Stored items
--*--

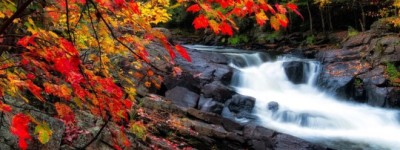 留学生骤减70%！新增20万永久居民: 印度人数碾压华人!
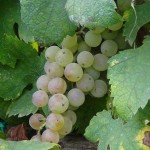 Confagricoltura Piemonte per il vino giorni decisivi, fare bene e in fretta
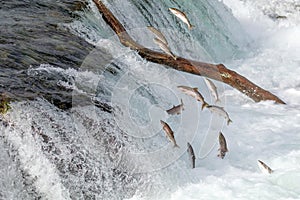 Salmon Jumping Over the Brooks Falls at Katmai National Park, Alaska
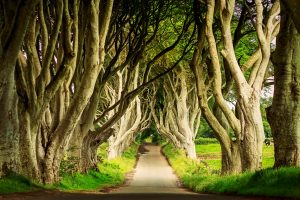 Best Campervan Destinations | Row of trees along a straight road. 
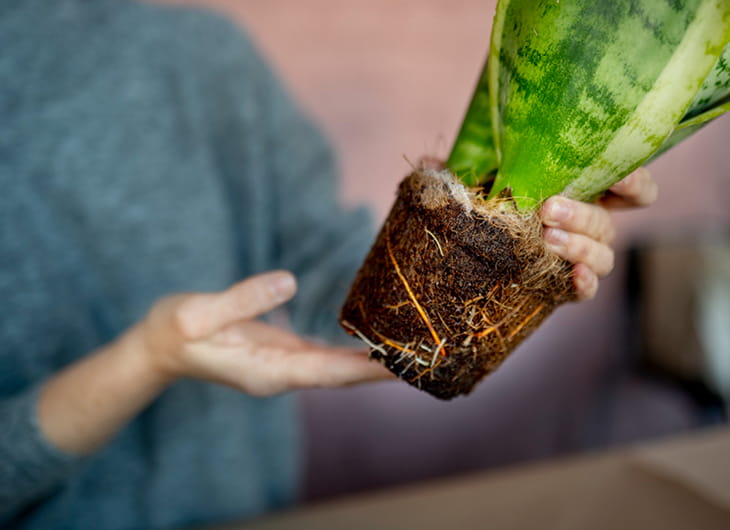 Tanaman Peneduh yang Akar Tidak Merusak Pondasi Rumah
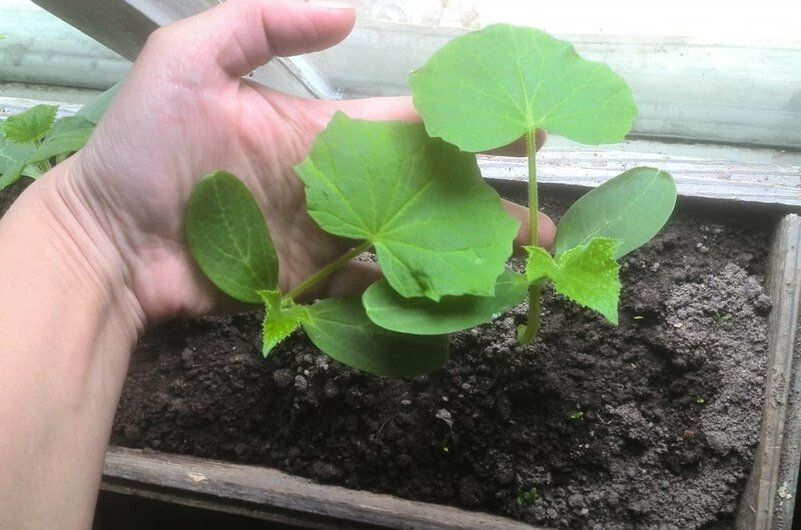 ������� ��������� ������ ������� �� ������� � ������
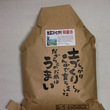 山口さんの魚沼コシヒカリ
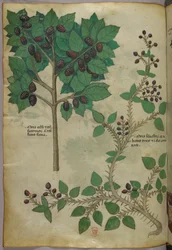 Botanical illustration, c.1440
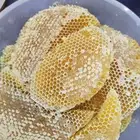 عسل سدر صافي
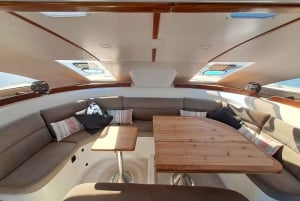 Faro : visite d'une demi-journée privée dans le parc naturel de Ria Formosa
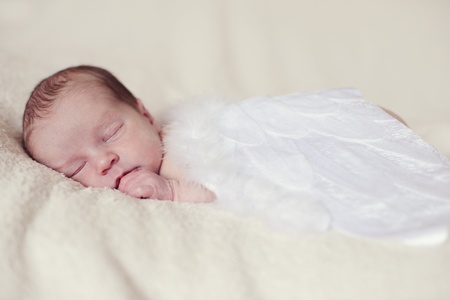 sleeping angelic newborn with feather wingsの写真素材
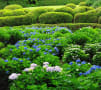 京都の紫陽花　その１（三室戸寺）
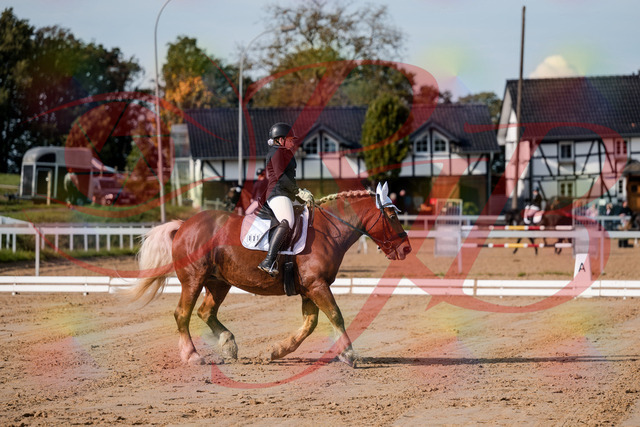 2026_10_03_Siefer-Hof_114206_Z63_23434599 | Professionelle Reitsport-, Turnier- und Eventfotografie von Robert Broda. Galerien mit ausgewählten und bearbeiteten Bildern direkt online ansehen und bestellen.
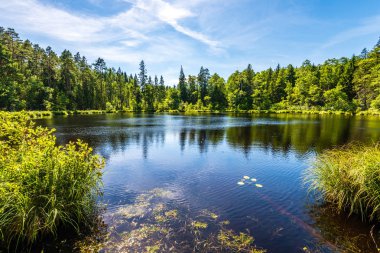 yeşil yaprakları ve gölgeleri ile güneşli yaz gününde doğal orman gölü. bulutların yansımaları ile sakin su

--*--

• [Work request]: Start with the line above containing "Tanaman Peneduh yang" and end with the line containing "京都の紫陽花　その１（三室戸寺）". Set down that stretch exactly, without any pictures.

• [Problem solution]:
 Tanaman Peneduh yang Akar Tidak Merusak Pondasi Rumah
 ������� ��������� ������ ������� �� ������� � ������
 山口さんの魚沼コシヒカリ
 Botanical illustration, c.1440
 عسل سدر صافي
 Faro : visite d'une demi-journée privée dans le parc naturel de Ria Formosa
 sleeping angelic newborn with feather wingsの写真素材
 京都の紫陽花　その１（三室戸寺）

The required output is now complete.